WHAT TO DO> Exactly the lines from the one with "Passend von DRYFAL" through the end of the data below must be set down, and no pictures with them.

DATA EXTRACTS>
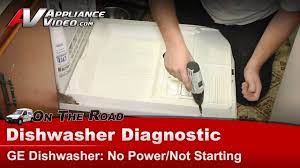 Maybe you would like to learn more about one of these? Dishwasher Diagnostic No Power Not Starting Ge General Electric Rca Hotpoint Gld4100m00cc Youtube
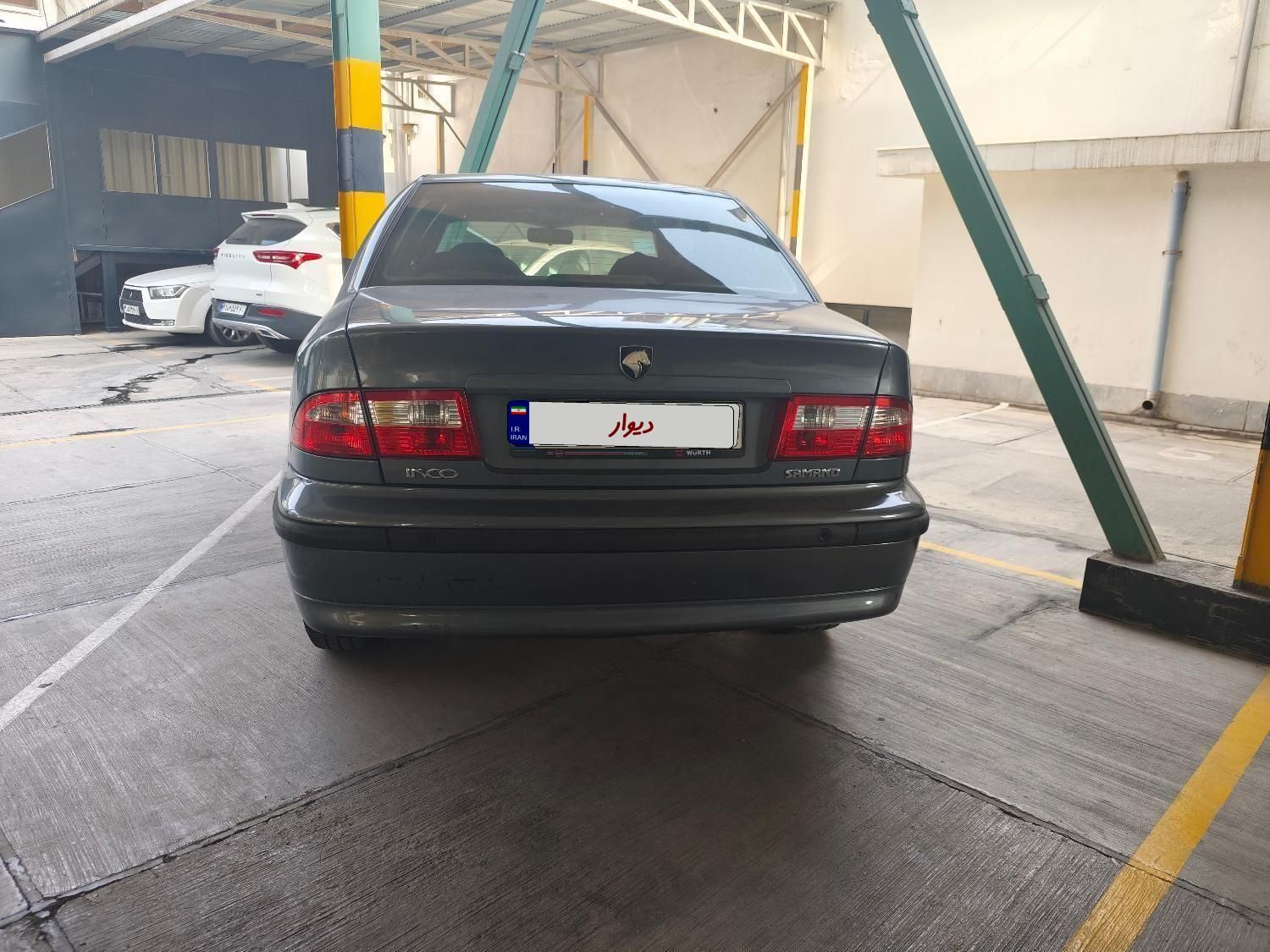 سمند LX EF7 دوگانه سوز - 1396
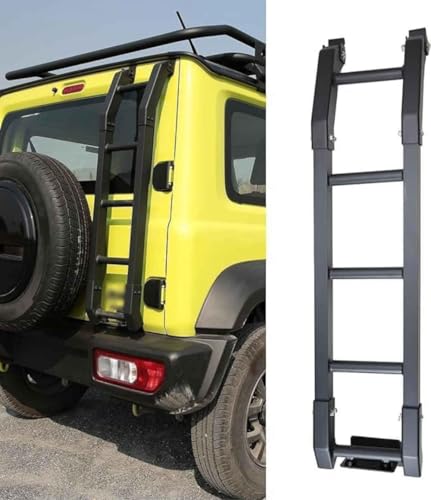 DRYFAL Auto Heckklappenleiter zum Klettern Für Suzuki Jimny JB64 JB74W 2019-2022 2023 2024 Auto Heckklappe Leiter Schwanz Tür Leiter Hintertürleiter Passend DRYFAL Auto Heckklappenleiter zum Klettern Für Suzuki Jimny JB64 JB74W 2019-2022 2023 2024 Auto Heckklappe Leiter Schwanz Tür Leiter Hintertürleiter Passend von DRYFAL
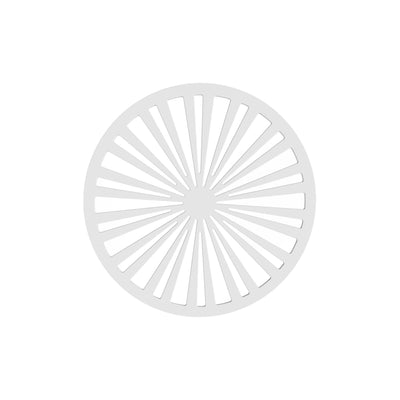 Pochoir en Silicone - Galette Modèle 4 - Ø210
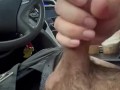 Picked a girl up for a ride and she jerked me off!! Cummed so hard!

SOLUTION FOR THIS PROBLEM>
 DRYFAL Auto Heckklappenleiter zum Klettern Für Suzuki Jimny JB64 JB74W 2019-2022 2023 2024 Auto Heckklappe Leiter Schwanz Tür Leiter Hintertürleiter Passend DRYFAL Auto Heckklappenleiter zum Klettern Für Suzuki Jimny JB64 JB74W 2019-2022 2023 2024 Auto Heckklappe Leiter Schwanz Tür Leiter Hintertürleiter Passend von DRYFAL
 Pochoir en Silicone - Galette Modèle 4 - Ø210
 Picked a girl up for a ride and she jerked me off!! Cummed so hard!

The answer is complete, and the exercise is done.